Happy Wednesday, and happy day before Thanksgiving! We are so thankful for the Trail and everyone and everywhere that encompasses. We are thankful for the mountains of the west, we are thankful for the mountains of the east, we are thankful for the deserts of the southwest, and we are thankful for the miles and palmettos of the south. We are thankful for the deep love of the locals in the South, we are thankful for the consistent energy and happiness of the locals that weigh another mountain to climb of the West, we are thankful for the warm hearts of the locals of the Midwest, we are thankful for the passion of the locals of the East, we are thankful for the deep wells of strength of the locals of the North, and everywhere in between. We are thankful for Trail Volunteers, Trail Angels, Trail Associations, Day Hikers, Section Hikers, Thru-Hikers, any body that follows their love of the outdoors. Anywhere a trail touches, we are so thankful for the community that is built around the local trail and that ties into the universal huge trail community that we are all a part of. Of course, we are always thankful for all of you! For all the love and support you have shown over the past few months, as we have continued to grow, by either going over to Our Store and supporting us with gear purchases, by reading our Blogs and hearing our voices that add into this void of the internet, or simply by leaving a comment on our YouTube Channel to tell us what you are thinking. Simply put, we have a lot to be thankful for. We are so grateful.
Simply, THANK YOU!
We are so immensely thankful for all that each one of you have done, and so thankful for the feedback and support each one of you has shown us, it is beyond humbling. That being said, as we start moving into the Holiday Season with Thanksgiving tomorrow and Christmas right around the corner, we would love to give back to you and show you our thanks, the people that have brought us this far and will be with us on all the journeys ahead. We want all of you to have a safe and happy Holiday Season, and to help with this from today (November 25th, 2020) through Christmas until the day after New Years, (January 2nd, 2021) we are going to be offering 50% ALL of our Hiking Shorts! On top of this if you purchase any of our hats along with the shorts, you will receive FREE SHIPPING this holiday season! Let us do our part this Holiday season, to help you avoid Black Friday, Christmas Shopping, and New Years shopping. Stay safe and stay well, and get the perfect gift for the outdoorsperson in your family, by shopping online and showing them the love of community that we have felt so strongly from you. Let us all move into the year of 2021 with mountain sunsets, crisp morning air, and happiness on our schedule. The trails are waiting, let us heed the call when the time is right, so get ready today!
As is our fashion we do not want to have an article that does not have a little humor in it. All the above was too serious to throw in any humor, because we wanted to express our gratitude, without any reservations or any questions, truly thank you. Okay, that being said, let us laugh a little bit as we all need this year. The story we are going to tell today comes from 2017, on the Pacific Crest Trail, around mile 400~ in the desert of California. This story involves fire station pizza, a setting sun, a mountain to climb, and not 1, not 2, but 3 dead "headlamps."

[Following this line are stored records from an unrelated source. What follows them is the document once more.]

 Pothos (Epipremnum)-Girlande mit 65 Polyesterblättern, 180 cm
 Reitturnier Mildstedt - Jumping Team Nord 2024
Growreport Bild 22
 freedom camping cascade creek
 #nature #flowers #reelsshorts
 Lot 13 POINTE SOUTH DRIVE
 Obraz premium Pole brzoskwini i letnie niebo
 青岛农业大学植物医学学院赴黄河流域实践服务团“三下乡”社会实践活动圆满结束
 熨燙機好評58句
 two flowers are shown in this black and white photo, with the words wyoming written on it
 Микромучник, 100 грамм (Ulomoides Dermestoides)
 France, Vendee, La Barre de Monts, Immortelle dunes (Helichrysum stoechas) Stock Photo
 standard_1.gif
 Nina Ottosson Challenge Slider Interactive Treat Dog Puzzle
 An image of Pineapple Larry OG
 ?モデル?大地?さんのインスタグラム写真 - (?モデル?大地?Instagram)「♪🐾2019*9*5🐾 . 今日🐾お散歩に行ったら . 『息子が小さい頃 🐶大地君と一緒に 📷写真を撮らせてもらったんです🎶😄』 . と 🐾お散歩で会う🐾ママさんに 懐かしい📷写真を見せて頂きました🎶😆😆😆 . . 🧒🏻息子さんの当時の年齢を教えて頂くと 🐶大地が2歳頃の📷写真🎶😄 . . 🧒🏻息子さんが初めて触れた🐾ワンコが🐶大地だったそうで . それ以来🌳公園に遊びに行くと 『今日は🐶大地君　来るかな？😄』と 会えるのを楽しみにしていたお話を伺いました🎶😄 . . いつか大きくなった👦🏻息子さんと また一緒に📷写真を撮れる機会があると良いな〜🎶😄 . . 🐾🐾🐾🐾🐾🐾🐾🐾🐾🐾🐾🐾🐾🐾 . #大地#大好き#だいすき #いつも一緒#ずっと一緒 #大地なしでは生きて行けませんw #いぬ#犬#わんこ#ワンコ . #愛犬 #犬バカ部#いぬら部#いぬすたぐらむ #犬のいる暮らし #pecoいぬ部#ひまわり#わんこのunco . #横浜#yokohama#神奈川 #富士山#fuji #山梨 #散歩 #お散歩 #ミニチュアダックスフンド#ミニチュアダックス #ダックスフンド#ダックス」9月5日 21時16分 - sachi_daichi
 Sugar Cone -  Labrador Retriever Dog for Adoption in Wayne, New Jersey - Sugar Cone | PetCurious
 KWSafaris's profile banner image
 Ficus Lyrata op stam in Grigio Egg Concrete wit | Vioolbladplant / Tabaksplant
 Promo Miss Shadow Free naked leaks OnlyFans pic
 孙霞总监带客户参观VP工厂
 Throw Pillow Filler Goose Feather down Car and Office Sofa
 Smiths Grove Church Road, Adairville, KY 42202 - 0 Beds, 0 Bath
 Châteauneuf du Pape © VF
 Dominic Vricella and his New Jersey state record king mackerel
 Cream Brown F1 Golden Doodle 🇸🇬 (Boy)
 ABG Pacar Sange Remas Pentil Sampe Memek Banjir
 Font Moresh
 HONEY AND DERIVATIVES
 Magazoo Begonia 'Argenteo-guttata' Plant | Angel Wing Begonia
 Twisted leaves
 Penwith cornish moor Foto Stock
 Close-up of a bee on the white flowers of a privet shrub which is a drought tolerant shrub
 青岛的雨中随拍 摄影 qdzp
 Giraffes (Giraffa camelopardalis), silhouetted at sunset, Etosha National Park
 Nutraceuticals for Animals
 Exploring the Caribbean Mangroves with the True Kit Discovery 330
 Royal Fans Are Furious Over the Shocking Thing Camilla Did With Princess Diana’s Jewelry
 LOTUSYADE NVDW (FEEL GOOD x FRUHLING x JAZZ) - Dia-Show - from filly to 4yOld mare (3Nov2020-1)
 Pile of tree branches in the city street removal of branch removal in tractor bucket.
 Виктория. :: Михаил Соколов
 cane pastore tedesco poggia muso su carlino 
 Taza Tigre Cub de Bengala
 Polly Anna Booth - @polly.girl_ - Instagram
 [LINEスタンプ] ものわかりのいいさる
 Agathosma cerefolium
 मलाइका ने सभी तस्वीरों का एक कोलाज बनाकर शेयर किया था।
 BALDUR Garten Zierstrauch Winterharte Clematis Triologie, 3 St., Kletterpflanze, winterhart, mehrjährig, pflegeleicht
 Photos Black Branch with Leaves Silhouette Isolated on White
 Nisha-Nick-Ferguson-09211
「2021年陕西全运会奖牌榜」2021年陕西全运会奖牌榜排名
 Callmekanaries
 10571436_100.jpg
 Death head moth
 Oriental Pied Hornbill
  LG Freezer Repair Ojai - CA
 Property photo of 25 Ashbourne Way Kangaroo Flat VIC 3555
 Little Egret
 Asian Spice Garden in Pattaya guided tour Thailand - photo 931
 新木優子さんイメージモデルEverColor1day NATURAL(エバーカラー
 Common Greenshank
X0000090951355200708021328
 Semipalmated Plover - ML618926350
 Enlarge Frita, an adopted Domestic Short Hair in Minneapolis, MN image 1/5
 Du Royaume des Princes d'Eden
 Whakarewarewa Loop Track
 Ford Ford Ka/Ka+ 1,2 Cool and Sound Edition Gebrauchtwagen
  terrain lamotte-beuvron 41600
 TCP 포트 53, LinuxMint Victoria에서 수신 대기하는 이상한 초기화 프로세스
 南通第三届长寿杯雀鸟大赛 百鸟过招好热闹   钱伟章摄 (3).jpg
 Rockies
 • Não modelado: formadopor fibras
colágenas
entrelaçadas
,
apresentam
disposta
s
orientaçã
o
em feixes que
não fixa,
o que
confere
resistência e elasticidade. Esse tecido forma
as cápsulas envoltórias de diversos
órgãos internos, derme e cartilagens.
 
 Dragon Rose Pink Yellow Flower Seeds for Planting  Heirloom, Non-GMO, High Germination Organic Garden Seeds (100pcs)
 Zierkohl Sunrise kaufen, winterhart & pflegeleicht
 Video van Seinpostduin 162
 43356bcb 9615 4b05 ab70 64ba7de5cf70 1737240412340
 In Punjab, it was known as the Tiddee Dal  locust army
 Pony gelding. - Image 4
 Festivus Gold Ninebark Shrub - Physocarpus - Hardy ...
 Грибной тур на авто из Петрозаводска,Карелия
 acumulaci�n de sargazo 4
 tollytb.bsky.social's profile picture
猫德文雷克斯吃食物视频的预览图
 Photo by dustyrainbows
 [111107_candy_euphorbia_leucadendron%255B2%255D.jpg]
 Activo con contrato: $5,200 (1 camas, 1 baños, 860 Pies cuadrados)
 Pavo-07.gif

We arrived to a fire station in the desert of California, that had a sign hanging near by. The sign mentioned a trail angel's name, phone number, and then it all went black and fuzzy as the word pizza jumped off the page to us. Next thing we knew, we were all sitting around a table, each having our personal pizza, with fruit, Oreos, anything that fills a hikers dream. The Trail Angel, lived down the road, and if hikers provided them with the amount needed to cover the pizzas, they would deliver them to the fire station, along with any goodies they brought along in their car. Our original plan was to fill up water bottles for 10 minutes and instead turned into a 2-3 hour break and story telling around boxes and crusts of pizza. It was amazing!
That is a story in itself, the immense amount of generosity that the trail angel showed to each hiker or trail family that would call them, so we want to say another huge Thank You, to them as well as every trail angel that makes these trails so special. Suffice, it to say we felt the gravity of the pizza weighing us into our bench seats, and knew we had miles to still do, even with the sun setting. Our plan was to get on top of this plateau by the end of the day, because that was one of the only flat places to camp from what we could see on our maps. Nobody, was really in a rush to leave, because well night hiking in the desert is easy...if you have a headlamp. We had not replaced the batteries in ours. So, having the great friends that we had, we accumulated (1) little hand held lamp that couldn't illuminate more than 2 ft in front of you, and another little light that obscured our vision more than it amplified. If we were going to make it, we needed to head out now, and crush a pace to reach the top of the climb. Telling everyone we would meet them in camp, we were the first to leave, and set out at quick pace as pizza sloshed around in our stomach to race the setting sun.
A representation of us at the pizza buffet! Happy, fat, and oh so content! Thankful and grateful! Nod to our racoon "heart" baby out there!
The first few miles were uneventful. Well uneventful in us still being able to see, but very eventful in the amount of pizza that we continued to feel every step. We pushed harder and harder, quicker and quicker, until we literally could no longer see without the aid of a light. We had even started stumbling and kicking rocks as we tried to extend every last second of organic light we could from the sun that had set. Finally, we had to turn on a headlamp. It was pitiful, our pace drastically decreased, we could see all of 2ft in front of us, if that, and we knew it was going to be a long night.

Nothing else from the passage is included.